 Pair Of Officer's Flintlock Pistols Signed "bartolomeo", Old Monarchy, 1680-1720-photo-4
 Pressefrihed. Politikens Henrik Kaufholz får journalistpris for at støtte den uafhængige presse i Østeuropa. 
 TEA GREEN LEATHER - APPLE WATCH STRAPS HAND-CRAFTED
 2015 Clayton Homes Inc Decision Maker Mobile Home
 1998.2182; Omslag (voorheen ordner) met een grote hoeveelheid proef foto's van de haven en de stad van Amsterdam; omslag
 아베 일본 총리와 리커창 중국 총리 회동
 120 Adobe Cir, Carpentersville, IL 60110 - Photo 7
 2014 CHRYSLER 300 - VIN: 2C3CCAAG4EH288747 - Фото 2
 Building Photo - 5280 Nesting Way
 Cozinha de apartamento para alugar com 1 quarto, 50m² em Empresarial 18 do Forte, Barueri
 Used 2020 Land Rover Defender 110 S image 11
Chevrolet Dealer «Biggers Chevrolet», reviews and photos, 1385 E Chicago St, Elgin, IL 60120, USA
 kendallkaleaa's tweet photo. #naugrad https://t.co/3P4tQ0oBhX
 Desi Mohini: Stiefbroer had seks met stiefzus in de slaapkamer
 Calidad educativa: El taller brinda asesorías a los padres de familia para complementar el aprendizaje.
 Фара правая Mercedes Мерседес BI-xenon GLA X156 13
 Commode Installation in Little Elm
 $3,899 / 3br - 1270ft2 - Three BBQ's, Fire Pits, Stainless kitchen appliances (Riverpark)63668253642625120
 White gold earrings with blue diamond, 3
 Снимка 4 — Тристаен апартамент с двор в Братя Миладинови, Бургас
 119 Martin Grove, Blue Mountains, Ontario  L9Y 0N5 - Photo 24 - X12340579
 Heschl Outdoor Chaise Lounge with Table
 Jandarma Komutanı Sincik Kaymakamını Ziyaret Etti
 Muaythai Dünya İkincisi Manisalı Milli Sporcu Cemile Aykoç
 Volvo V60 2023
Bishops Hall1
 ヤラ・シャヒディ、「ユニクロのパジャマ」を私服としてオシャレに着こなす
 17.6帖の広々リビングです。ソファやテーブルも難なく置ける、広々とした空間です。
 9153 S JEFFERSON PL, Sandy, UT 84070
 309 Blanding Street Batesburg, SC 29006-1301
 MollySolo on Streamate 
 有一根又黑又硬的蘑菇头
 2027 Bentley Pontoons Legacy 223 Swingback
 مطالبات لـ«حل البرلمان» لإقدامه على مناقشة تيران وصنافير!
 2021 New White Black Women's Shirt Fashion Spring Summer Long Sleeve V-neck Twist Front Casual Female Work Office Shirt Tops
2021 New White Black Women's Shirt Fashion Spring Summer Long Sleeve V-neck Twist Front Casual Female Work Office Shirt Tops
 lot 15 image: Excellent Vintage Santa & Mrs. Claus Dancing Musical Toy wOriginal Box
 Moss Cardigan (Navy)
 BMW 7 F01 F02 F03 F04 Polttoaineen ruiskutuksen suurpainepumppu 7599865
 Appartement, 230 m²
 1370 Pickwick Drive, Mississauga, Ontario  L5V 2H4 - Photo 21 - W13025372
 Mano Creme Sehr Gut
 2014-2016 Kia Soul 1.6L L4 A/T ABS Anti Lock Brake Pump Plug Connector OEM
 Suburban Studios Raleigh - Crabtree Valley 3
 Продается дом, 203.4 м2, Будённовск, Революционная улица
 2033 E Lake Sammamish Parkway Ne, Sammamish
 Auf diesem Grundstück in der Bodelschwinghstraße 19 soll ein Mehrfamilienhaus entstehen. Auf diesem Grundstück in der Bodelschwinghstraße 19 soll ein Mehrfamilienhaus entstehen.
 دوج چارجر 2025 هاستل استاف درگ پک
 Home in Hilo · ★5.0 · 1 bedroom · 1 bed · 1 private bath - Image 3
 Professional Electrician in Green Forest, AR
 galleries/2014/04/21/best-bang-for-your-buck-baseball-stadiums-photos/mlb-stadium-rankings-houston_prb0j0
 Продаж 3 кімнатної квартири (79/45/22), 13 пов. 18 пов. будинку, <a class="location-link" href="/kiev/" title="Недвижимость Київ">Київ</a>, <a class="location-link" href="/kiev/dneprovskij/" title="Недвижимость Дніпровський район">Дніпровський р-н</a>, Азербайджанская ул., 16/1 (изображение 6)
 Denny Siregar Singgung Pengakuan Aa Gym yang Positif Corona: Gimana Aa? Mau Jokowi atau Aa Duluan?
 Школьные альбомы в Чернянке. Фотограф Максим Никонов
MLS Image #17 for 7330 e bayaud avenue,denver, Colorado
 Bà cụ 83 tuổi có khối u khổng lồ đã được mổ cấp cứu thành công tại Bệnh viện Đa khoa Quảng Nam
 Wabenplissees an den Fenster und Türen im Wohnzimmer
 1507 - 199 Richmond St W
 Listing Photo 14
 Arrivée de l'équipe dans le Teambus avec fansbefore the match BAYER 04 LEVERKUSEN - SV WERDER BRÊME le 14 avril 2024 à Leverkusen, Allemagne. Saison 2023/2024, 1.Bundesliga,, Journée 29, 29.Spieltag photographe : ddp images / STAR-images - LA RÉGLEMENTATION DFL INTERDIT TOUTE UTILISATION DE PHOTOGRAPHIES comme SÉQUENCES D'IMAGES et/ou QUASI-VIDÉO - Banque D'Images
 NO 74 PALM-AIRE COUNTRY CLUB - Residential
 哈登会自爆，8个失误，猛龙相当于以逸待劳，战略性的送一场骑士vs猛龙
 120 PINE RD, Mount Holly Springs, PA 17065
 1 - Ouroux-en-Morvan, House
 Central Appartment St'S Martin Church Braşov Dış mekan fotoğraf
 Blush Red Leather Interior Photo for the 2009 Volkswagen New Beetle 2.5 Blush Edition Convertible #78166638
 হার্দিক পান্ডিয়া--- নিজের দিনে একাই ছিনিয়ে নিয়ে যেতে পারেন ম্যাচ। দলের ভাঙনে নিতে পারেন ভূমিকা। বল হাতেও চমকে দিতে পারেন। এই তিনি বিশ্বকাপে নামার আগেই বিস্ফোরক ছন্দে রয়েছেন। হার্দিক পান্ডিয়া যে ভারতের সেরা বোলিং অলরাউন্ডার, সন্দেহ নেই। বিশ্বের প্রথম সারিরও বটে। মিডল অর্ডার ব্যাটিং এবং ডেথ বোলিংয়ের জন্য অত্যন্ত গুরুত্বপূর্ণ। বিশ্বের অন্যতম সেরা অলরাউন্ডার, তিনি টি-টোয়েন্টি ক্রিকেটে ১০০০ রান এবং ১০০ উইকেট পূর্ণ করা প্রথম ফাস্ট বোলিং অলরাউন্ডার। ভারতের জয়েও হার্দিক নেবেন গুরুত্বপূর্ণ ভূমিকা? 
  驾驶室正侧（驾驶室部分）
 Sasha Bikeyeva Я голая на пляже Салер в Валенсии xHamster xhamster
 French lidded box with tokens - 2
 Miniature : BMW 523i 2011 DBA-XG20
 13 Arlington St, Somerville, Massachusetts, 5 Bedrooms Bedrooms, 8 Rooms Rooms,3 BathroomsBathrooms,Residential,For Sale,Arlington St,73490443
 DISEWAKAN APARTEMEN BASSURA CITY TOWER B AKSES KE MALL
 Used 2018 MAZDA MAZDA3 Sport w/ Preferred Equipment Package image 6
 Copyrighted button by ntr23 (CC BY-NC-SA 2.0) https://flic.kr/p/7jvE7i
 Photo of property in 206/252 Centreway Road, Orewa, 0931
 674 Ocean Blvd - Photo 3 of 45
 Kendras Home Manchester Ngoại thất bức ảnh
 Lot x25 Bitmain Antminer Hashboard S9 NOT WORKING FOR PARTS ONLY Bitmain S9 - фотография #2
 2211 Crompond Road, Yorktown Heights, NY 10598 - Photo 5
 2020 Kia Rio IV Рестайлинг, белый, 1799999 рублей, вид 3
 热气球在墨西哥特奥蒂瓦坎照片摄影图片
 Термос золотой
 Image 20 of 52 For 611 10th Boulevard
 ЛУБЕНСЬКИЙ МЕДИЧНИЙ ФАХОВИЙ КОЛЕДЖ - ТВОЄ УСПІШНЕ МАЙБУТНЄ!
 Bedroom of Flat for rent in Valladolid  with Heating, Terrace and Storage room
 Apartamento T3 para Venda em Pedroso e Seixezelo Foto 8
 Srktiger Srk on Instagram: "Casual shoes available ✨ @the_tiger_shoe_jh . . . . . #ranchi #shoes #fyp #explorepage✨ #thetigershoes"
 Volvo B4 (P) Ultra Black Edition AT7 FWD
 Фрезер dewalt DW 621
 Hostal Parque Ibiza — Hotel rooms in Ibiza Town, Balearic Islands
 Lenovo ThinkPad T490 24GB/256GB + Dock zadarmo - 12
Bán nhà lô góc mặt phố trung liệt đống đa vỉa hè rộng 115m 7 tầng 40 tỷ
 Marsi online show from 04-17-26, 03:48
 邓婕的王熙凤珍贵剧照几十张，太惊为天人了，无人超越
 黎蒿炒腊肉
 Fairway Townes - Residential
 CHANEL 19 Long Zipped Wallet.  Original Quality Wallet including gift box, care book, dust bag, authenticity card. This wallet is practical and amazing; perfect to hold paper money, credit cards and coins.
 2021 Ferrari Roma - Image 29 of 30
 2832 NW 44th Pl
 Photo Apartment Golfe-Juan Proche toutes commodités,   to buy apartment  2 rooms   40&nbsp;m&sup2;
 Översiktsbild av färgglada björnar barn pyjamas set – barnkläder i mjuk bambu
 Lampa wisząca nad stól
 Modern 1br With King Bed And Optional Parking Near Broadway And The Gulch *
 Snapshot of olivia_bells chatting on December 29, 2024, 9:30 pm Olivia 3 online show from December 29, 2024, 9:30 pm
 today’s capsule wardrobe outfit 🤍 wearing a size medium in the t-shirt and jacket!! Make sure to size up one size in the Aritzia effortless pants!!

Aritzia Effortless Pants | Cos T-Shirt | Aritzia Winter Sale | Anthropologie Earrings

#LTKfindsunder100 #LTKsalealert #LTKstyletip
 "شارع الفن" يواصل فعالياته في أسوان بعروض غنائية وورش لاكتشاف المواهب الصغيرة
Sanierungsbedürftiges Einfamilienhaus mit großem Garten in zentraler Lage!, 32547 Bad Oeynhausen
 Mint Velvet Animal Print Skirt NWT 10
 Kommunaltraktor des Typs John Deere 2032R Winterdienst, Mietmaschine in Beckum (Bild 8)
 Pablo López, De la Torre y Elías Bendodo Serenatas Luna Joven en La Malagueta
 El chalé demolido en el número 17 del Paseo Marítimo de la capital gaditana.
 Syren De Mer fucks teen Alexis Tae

········

• **BRIEF**
Lines to set down from above: the line with "Central Appartment St'S", the line with "Blush Red Leather", and every line between, each exactly as written.

• **OUTPUT FOR THIS EXERCISE**
 Central Appartment St'S Martin Church Braşov Dış mekan fotoğraf
 Blush Red Leather Interior Photo for the 2009 Volkswagen New Beetle 2.5 Blush Edition Convertible #78166638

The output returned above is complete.